The events in New Orleans maxed out the bandwidth of the News channels, so Apple had to compete for attention. Steve Jobs, with his talent for publicity, did well anyway. There had been too much speculation about the “iPhone” for it to deliver any surprises and thus press comment on it has been muted, expressing a little disappointment. It cannot play music as your ring tone – the carriers would not like that – they sell rings tones for $1.5 to $3 which is a good deal more than the iTunes price of 99 cents a song. The song capacity is low (at 1000 songs) and the only surprise is flashing lights in the side of the phone to sync with the music. It’s the kind of ostentatious feature that will appeal to the teens and irritate everyone else. Worst of all is that you cannot download songs over the air; you have to pull them in from your PC.

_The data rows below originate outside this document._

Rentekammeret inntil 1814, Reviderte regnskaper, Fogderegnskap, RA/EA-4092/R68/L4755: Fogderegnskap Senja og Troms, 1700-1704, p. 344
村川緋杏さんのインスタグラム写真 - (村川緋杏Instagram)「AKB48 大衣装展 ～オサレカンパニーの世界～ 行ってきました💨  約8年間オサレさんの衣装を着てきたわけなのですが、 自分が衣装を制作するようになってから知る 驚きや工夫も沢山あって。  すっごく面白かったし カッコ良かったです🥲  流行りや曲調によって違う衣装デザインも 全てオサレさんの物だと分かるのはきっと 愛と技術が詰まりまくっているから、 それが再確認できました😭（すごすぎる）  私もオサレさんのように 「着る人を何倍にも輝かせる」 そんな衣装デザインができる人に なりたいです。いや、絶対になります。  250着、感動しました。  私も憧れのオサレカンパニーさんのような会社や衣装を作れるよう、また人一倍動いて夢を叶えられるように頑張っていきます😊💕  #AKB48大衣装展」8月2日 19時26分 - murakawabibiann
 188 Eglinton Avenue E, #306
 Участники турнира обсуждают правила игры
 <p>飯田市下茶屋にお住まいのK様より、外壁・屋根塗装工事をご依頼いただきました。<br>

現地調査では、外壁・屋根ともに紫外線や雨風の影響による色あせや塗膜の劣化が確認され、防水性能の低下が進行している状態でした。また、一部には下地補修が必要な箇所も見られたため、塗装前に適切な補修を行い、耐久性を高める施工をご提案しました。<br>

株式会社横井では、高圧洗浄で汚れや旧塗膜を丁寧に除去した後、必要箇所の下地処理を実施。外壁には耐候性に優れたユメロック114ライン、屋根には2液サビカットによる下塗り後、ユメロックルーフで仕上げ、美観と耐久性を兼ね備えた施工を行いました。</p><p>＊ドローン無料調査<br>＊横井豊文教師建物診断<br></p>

However this is no great surprise, because the carriers will want a cut of the action for downloading songs over the air. Who’s going to want to pay their tax? Nobody I think. Already there are mobile phones that support WiFi, and WiFi is getting so pervasive that the next generation of phones will probably all be equipped.

Hey carriers, listen. Give it up. Carry the music just for call charges – otherwise you’ll lose all the business. You don’t have a sustainable monopoly of any kind. WiFi is going to eat it for breakfast. The mesh networks are coming. You have to compete on value and convenience. Do you hear me?

Anyway Steve Jobs wrong-footed everyone by announcing the “iPod nano”, which no-one expected. This has drawn a good deal of attention because it is one third the thickness of the typical iPod and will appeal to the teens. It’s all memory stick, but more memory stick than was in the iPod Shuffle. The surprise got him his column inches and I’m sure he’s happy with the coverage.

The next version of the “iPhone” will be the interesting one. Apple is not going to be happy with the limitations of this version.